"Disaster-lypto" - Mel Gibson's Latest, Racist Insult
Apparently, insulting and racist attacks against indigenous peoples continue to be the acceptable status quo in the world today. Although Mel Gibson was vilified for his drunken, anti-Semitic tirade a few months ago, and Michael Richards is still, justifiably, in the woodshed for his racist rant at a LA comedy club last month, it remains open season to mock Native people in both public and private arenas. On Friday, December 8, Mel Gibson's new movie, "Apocalypto," opens nationwide. Gibson appropriates the Maya people, in their classic period, for this gratuitously violent depiction of a very complex society -- about which Gibson knows nothing. The film is a disaster -- historically, culturally, anthropologically, spiritually, and humanly. "Disaster-lypto," if you will.
The most repulsive aspect of the film is that the Maya are "saved" from their self-inflicted "apocalypse" through the arrival of Christians -- a historical glitch, because the European, Christian evangelical destruction of indigenous peoples did not begin until 300 years after the movie's setting.

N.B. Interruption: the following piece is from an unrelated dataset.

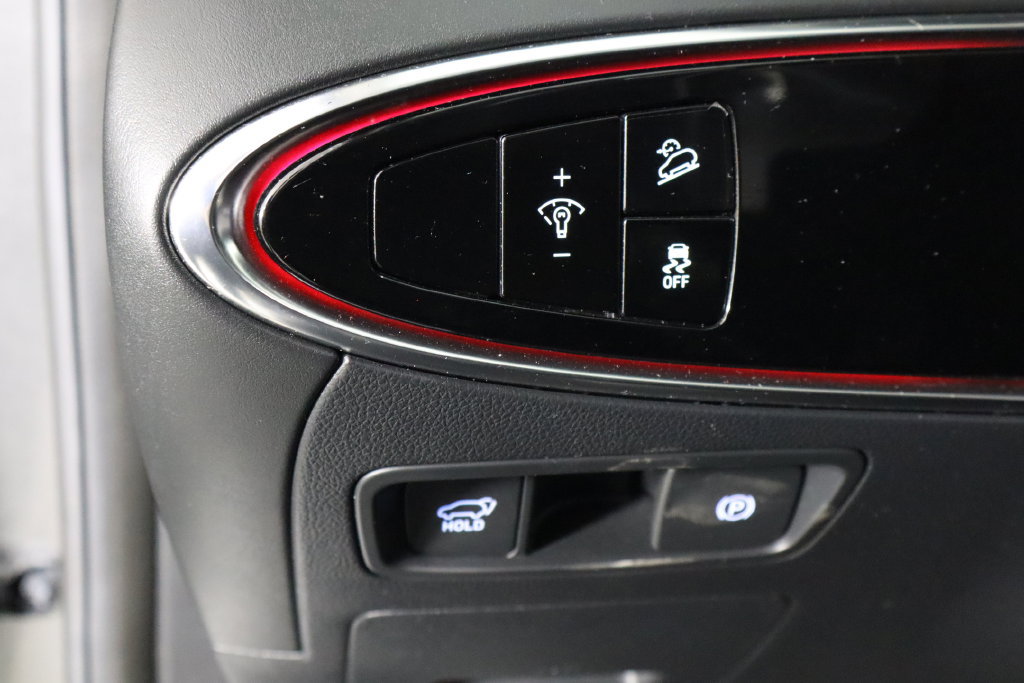 Used 2023 Genesis Electrified GV70 AWD/4WD image 22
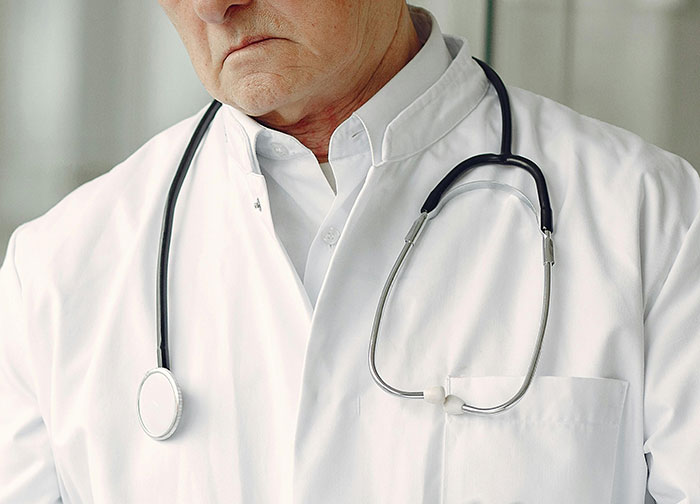 34 Times Doctors Crossed Boundaries And Blurted Out The Most Inappropriate Things To Patients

That doesn't dissuade Gibson though, who admits that he was making it up as he went along. (see Village Voice review below) For an anthropological critique, see: "Is 'Apocalypto' Pornography?" by Traci Ardren. LINK and this insightful one from The Nation: LINK
Gibson got his ass kicked all around Tinseltown by the Jewish community for his idiotic rant about Jews being responsible for all the wars in the world. "Apocalypto" seems to be Gibson's translation of that lesson from his earlier drunken meltdown as: "it's important only to insult people who you think will not fight back." As indigenous peoples, we'd better not let this one pass -- or we deserve exactly what we get from Gibson and Hollywood (in this case Disney Studios). Gibson's admission that he made up most of his invader fallacy, is a practice with which we, as indigenous peoples, are quite familiar, unfortunately. And Gibson's reward for this latest product of total cultural incompetency? The film is getting Academy Award buzz. So, the message is: insult Jews and African-Americans and get publicly rebuked and chastised. Insult indigenous peoples, and get considered for an Oscar!?

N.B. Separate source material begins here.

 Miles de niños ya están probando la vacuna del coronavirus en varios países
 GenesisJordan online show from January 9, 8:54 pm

The construction of indigenous peoples' reality by invader (fill in the blank - writers, historians, anthropologists, priests/popes, judges, politicians, filmmakers) dates back to the commencement of the invasion by Columbus. The distorted images of cannibalism and human sacrifice among Native societies are so deeply ingrained in the invader hegemony that now even indigenous people parrot it. Nacona Burgess, Activities Director at the Institute of American Indian Arts in Santa Fe, where a screening of Gibson's disaster was scheduled to be held, reinforced the commonly-held, ignorant and racist stereotypes about Maya and Aztec peoples. "All of our students are adults, and they could've handled the sacrificing scenes because they know that's how it was in the Mayan civilization," Burgess told The Santa Fe New Mexican. That's how it was? Says who, Mel Gibson? We're now going to let Mel Gibson define Maya history and reality? Unbelievable. How about let's ask some Maya people -- like the more than six million in Guatemala? Like the Zapatistas in Chiapas, Mexico?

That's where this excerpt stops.